Tonight, the goal is to pinpoint — and win — the pieces they want the most.

Sitting in the driveway of the couple's west Omaha home, you already know you're at a place where art lovers live.

Painted on the two-sided, brown garage doors are huge versions of the restroom symbols for "men" and "women" (Vranes did this herself.) An artsy bench sits on the front porch, and a mosaic tile piece decorates the front garden.

Once inside, art is everywhere. It fills stairwells. It's hung in a neatly spaced grid above the living room couch, rising nearly to the vaulted ceiling. It decorates the bathrooms and a huge painting is a stand-in as a headboard in the master bedroom.

"Hello, my name is Laura," Vranes says while walking through the house, "and I'm an artaholic."

The first piece Vranes and McIntyre bought together was in 2007 in celebration of their first wedding anniversary. The large piece is part of Phillip Faulkner's series called "American Still Lifes."

The painting shows a Norman Rockwell-esque family watching a television set in a 1950s domestic scene. In the center, an abstract video shines through a hole cut through for the television screen.

The couple has the video components of the piece tucked in a side table next to the couch below the painting. The room is dim, perfect for watching the video. Neither of them ever thought about the complexity of installing a video piece in their home.

"We just loved it," Vranes said. "And we had to have it."

A piece in their dining room by Joshua Reiman was one they first saw at the Bemis Auction in 2009. It was their first time at the auction, and they weren't aggressive enough, Vranes said, because they didn't know they had to be. Someone else went home with their photo. They were disappointed, and ended up contacting the artist to get their own print later. But they learned a valuable lesson, one they'll surely remember at this year's event: if you want to win your art at the Bemis Auction, you have to hustle.

At around 7:25, ten minutes before the first round of the silent auction closes, things reach a frenzied pace. An auctioneer begins a countdown before each section closes, and people crowd around the work in noisy anticipation. The temperature in the galleries soars high enough that even people who don't have a bid on the line are sweating.

Vranes and McIntyre are like old hands at this. They already secured one piece on their list using the Bemis "buy it now" option. They paid the list price instead of starting at the lower bid price and risking being outbid in the final seconds.

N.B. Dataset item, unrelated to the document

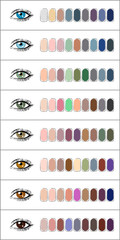 Eye makeup. Shades of eye shadow combined with eye color. Eye colors: blue, green, brown.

One open bid remained on a second piece, which Vranes wanted and decided to try and buy that night. They didn't hover around the piece as the auctions closed, instead hanging out in a second gallery and waiting to see what happened.

As the last 30 seconds approach, some grab a pen hanging from a chain on the wall and hastily mark down a winning bid. When the time is up, black-clad volunteers whip through the room, snatching paper bid cards from the wall and marking unsold cards with a giant, red slash.

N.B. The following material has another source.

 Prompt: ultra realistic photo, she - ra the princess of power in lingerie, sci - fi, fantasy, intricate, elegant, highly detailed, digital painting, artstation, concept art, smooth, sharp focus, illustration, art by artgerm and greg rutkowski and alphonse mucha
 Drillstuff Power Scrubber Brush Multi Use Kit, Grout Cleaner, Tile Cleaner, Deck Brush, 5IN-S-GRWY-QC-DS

Some bidders give their friends high-fives. Others try and hide their gloom, and move on to the next section, where a winning bid might still linger. By 8 p.m., all the sections of the silent auction are closed and the live auction begins.

Vranes and McIntyre are calmer now. They spent their $626.32 (and then some) on the buy-it-now piece and the second bid Vranes made, which they won without any other bids interfering.

Colin Smith's piece "PAN Xm-6" which Vranes describes as a "pile of gunk" was the one they had highlighted in their books. The small sculpture does look like a pile of multicolored goo, red on top of orange on top of blue and purple all stacked in a pile sitting on a metal pan base with wheels.

The second piece was one they saw and just wanted, Vranes said. It's a tall wooden mallet by artist Christopher Romer. The couple bought "Darling, You Can Do It! #10," a large mallet with a neutral tan base covered with polka dots.

The two quirky sculptures fit well in the couple's larger, eclectic collection. Vranes said they'll install Smith's piece in the loft, near the first piece they ever bought. The mallet will go downstairs, in conversation with another sculpture.

Vranes said she wasn't bothered that they didn't get more of the work on their list.

"It's just so much fun to be here," she said. "Tomorrow, we'll start saving our change for next year."